Look in the listing below for the line that has "A serving of", then return it and each following line up to and including the one with "Front view of", exactly and without pictures.

-- Opening Marker --

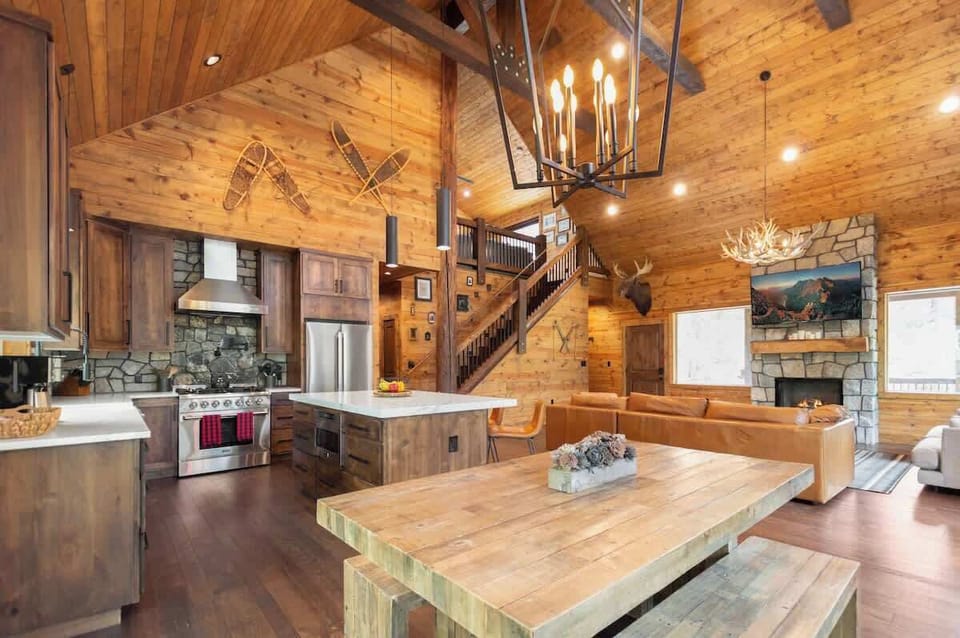 Gourmet kitchen with oversized island and open-concept dining
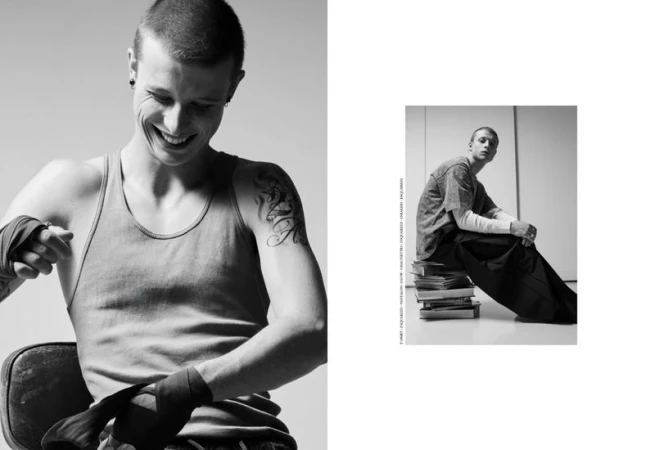 Black and white editorial portrait of actor Francesco di Tullio wrapping his hands for boxing, smiling with a tattooed arm.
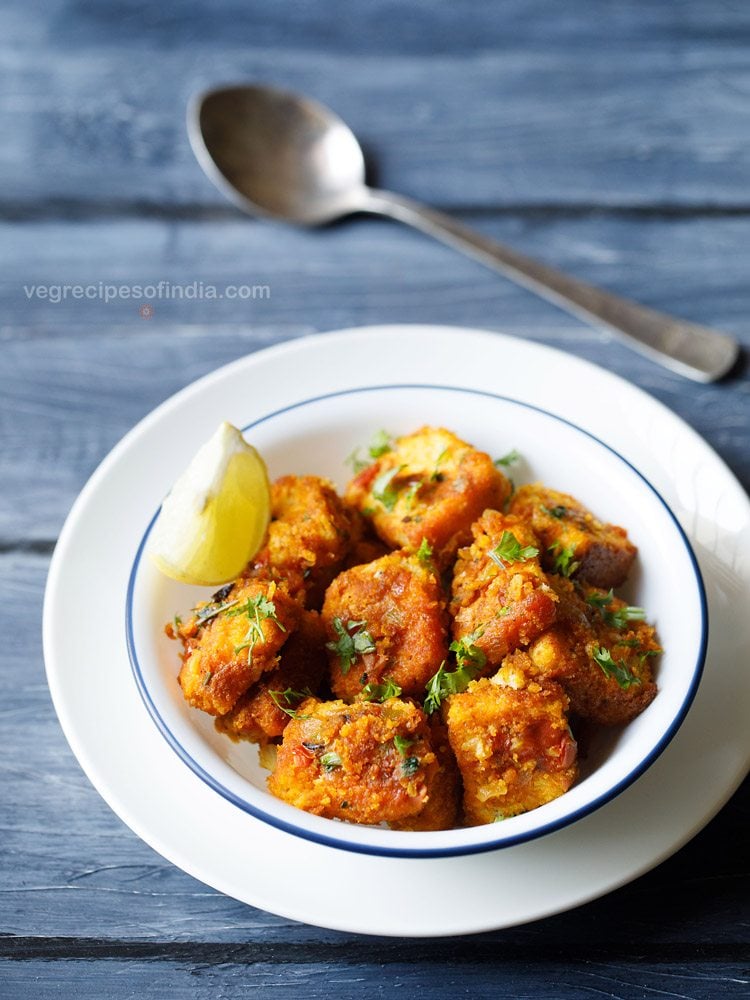 masala bread garnished with chopped coriander leaves and served in a blue rimmed bowl with a lemon wedge and a spoon kept in the background. 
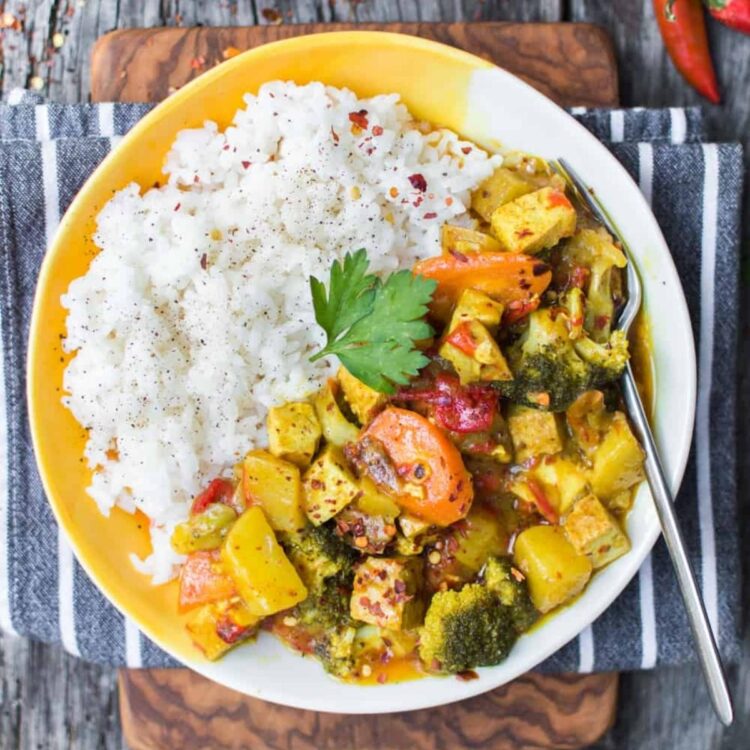 A serving of vegan yellow curry recipe along with steamed white rice served on a white and yellow plate.
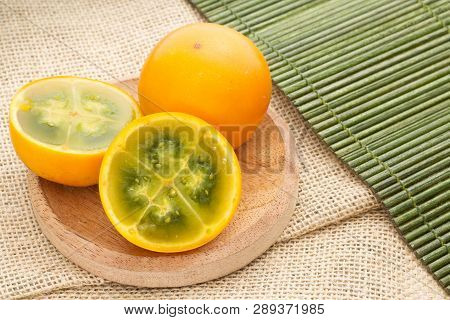 Fruits And Slices Of Lulo Or Naranjilla On The Wooden Table - Solanum Quitoense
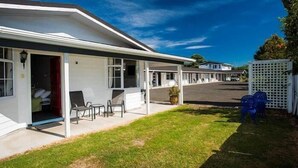 Un motel con un área de estar techada al aire libre, césped y una valla blanca.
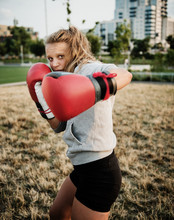 Young Woman Boxing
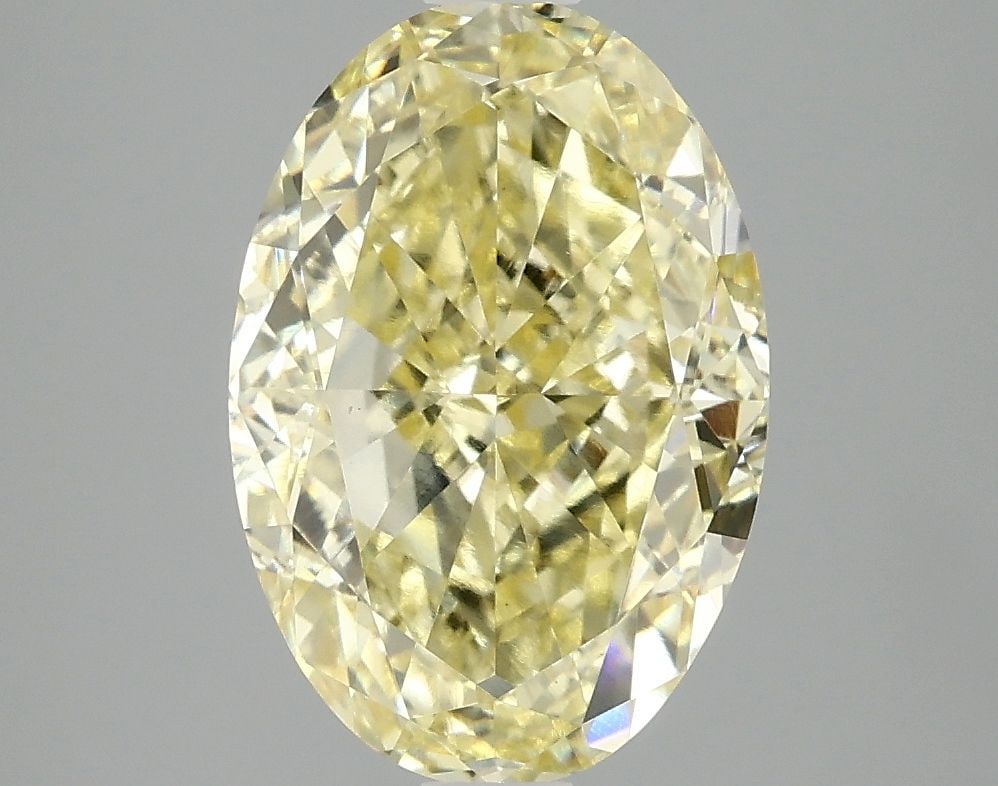 Loose Diamond - OVAL 4.01ct Fancy Intense Yellow VS1: Loose Diamond - OVAL 4.01ct Fancy Intense Yellow VS1 Source: This is a real non-mined Diamond that has been grown in a lab Shape: OVAL Carats: 4.01 Color: Fancy Intense Yellow Certification: IGI Video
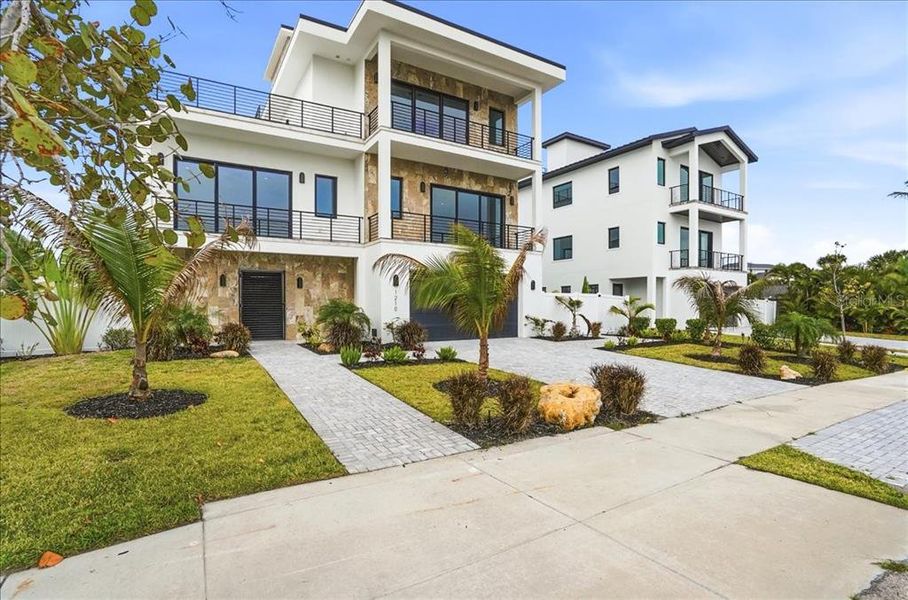 Front exterior of a new home in , Englewood, FL, highlighting curb appeal (Image 28).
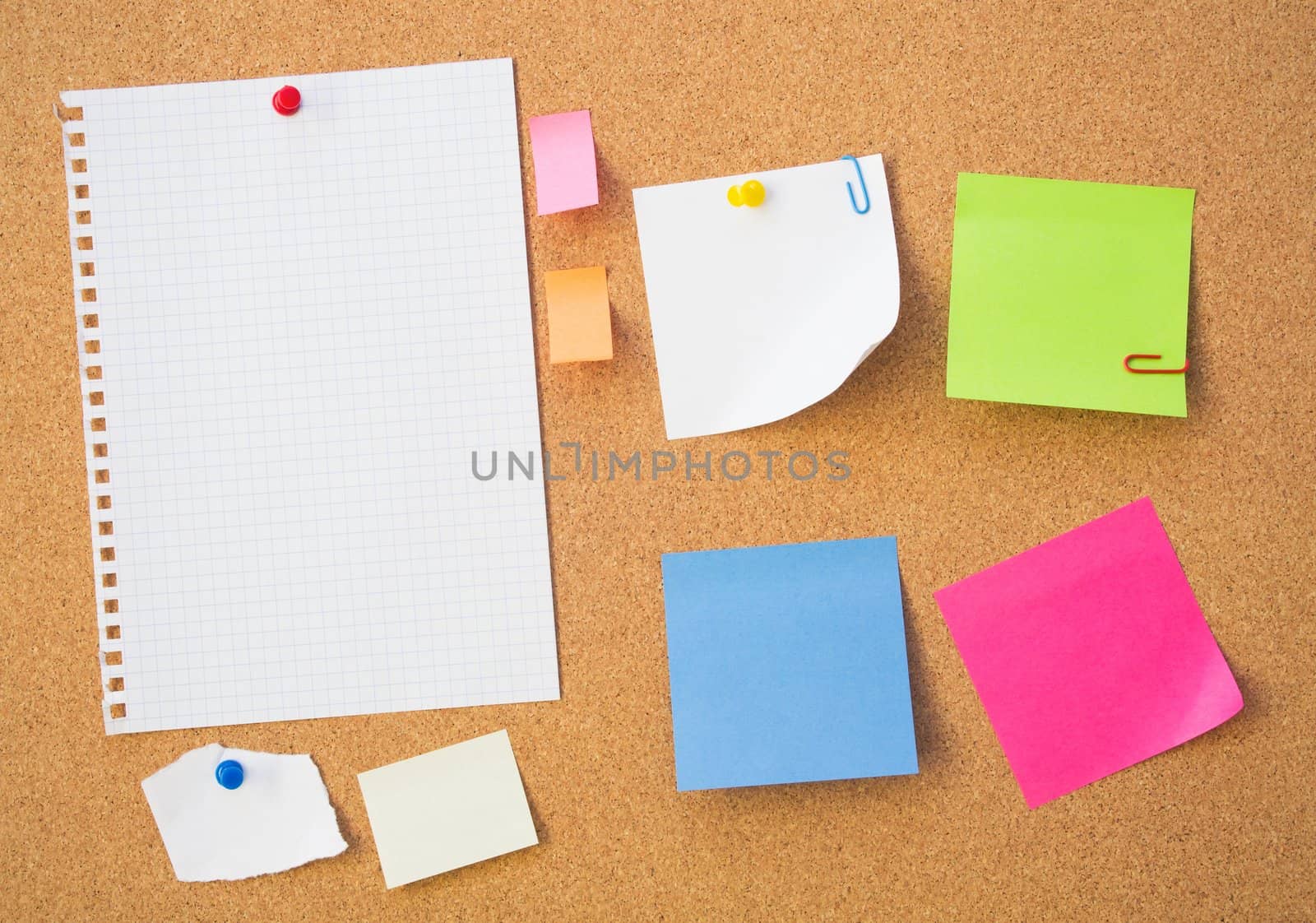 Colour note papers on pin board. Cork background 
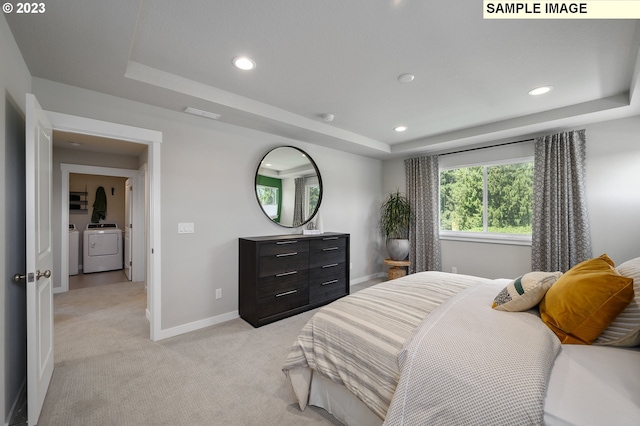 bedroom featuring independent washer and dryer, a tray ceiling, and light carpet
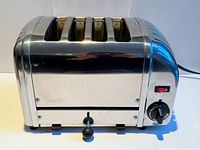 Front view of chrome Dualit 4-slice toaster showing four slots, control knob, and red switch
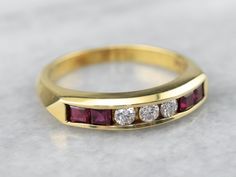 This is an interesting piece! Rather than the traditional alternating diamonds and rubies, this ring is set in a more intricate pattern with three diamonds at the center in a row of glowing red rubies. The quality of all of the stones is lovely, and the pattern lends itself well to being worn again against a variety of engagement rings... or stacked with other bands set with different gems for a glittering array of color. Metal: 18K Yellow Gold Gem: 3 Diamonds totaling .15 Carats, H in Color, VV Wedding Band Yellow Gold, Right Hand Ring, Stacking Bands, Family Jewellery, Right Hand Rings, Hand Ring, Star Ruby, Channel Set, Anniversary Bands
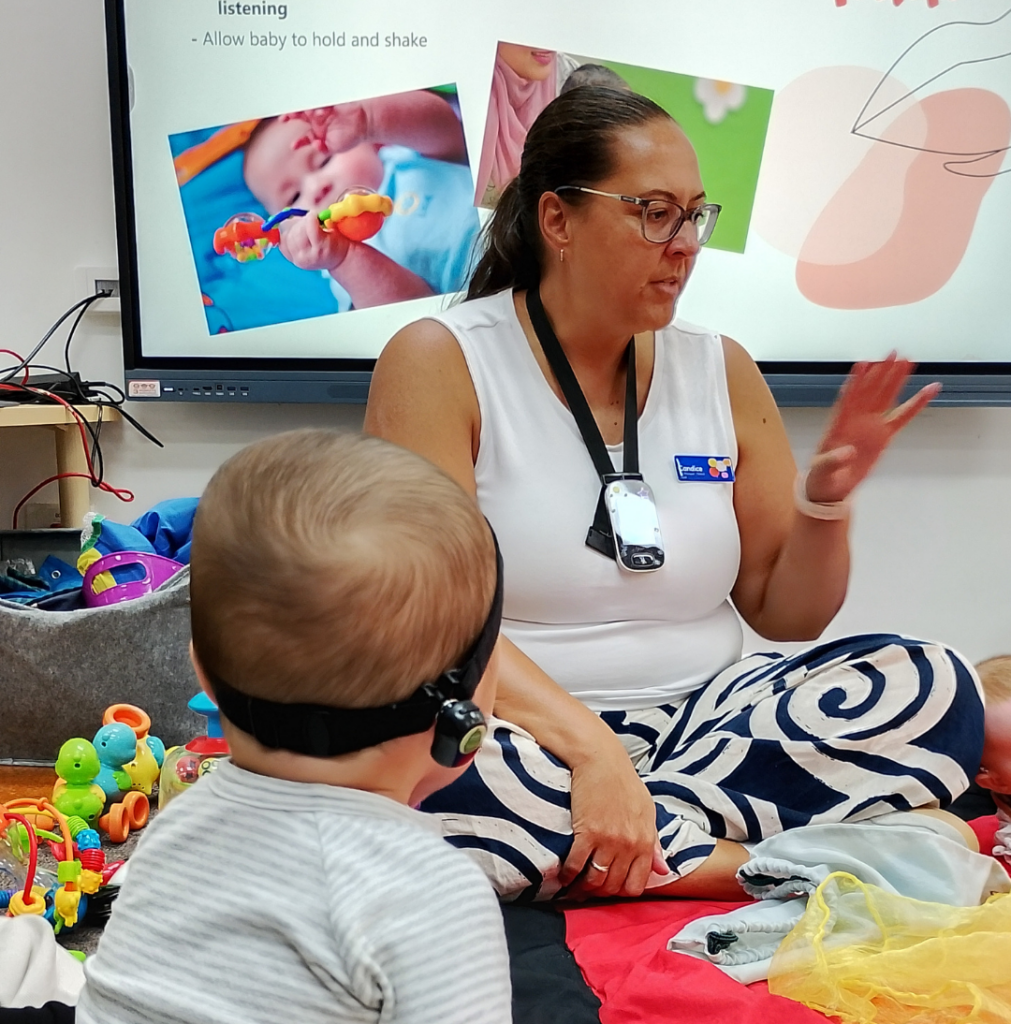 Young baby wearing a hearing device looking at a therapist during playgroup session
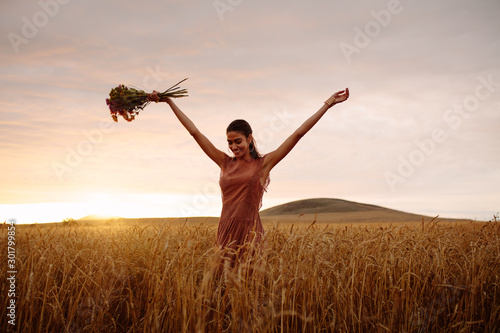 Woman enjoying a day in wheat field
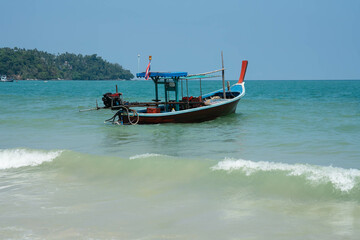 One Thai style wooden fishing boat anchored in sea close to coastline. Side view from the shore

-- Closing Marker --

SOLUTION FOR THIS TASK
 A serving of vegan yellow curry recipe along with steamed white rice served on a white and yellow plate.
 Fruits And Slices Of Lulo Or Naranjilla On The Wooden Table - Solanum Quitoense
 Un motel con un área de estar techada al aire libre, césped y una valla blanca.
 Young Woman Boxing
 Loose Diamond - OVAL 4.01ct Fancy Intense Yellow VS1: Loose Diamond - OVAL 4.01ct Fancy Intense Yellow VS1 Source: This is a real non-mined Diamond that has been grown in a lab Shape: OVAL Carats: 4.01 Color: Fancy Intense Yellow Certification: IGI Video
 Front exterior of a new home in , Englewood, FL, highlighting curb appeal (Image 28).
 Colour note papers on pin board. Cork background 
 bedroom featuring independent washer and dryer, a tray ceiling, and light carpet
 Front view of chrome Dualit 4-slice toaster showing four slots, control knob, and red switch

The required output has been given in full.